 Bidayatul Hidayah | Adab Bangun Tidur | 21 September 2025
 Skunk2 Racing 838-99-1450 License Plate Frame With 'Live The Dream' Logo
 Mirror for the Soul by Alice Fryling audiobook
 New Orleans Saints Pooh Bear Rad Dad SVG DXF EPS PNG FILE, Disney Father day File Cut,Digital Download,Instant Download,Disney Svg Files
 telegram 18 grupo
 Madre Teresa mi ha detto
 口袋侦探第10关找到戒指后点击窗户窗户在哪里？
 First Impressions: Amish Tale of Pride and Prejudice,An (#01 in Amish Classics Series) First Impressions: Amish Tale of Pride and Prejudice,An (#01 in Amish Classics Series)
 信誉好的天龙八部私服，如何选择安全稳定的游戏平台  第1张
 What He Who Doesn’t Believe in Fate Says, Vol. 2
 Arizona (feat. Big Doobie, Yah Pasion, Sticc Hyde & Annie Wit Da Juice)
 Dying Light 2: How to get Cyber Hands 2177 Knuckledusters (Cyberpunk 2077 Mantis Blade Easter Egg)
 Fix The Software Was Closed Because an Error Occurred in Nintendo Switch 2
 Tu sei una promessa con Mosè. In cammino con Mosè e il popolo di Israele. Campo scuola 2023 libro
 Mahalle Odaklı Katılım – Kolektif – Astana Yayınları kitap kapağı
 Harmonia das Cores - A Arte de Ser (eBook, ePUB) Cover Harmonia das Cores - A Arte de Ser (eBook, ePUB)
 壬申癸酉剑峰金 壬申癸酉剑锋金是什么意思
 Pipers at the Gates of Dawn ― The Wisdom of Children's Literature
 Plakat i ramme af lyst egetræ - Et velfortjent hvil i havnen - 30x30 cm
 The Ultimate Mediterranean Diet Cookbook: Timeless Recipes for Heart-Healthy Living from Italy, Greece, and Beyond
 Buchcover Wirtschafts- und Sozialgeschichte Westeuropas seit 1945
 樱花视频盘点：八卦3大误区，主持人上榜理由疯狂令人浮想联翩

___

[Directions for this task] Repeat word for word the lines running from the line containing "Pipers at the" to the end of the entries above, inclusive.

[Result]
 Pipers at the Gates of Dawn ― The Wisdom of Children's Literature
 Plakat i ramme af lyst egetræ - Et velfortjent hvil i havnen - 30x30 cm
 The Ultimate Mediterranean Diet Cookbook: Timeless Recipes for Heart-Healthy Living from Italy, Greece, and Beyond
 Buchcover Wirtschafts- und Sozialgeschichte Westeuropas seit 1945
 樱花视频盘点：八卦3大误区，主持人上榜理由疯狂令人浮想联翩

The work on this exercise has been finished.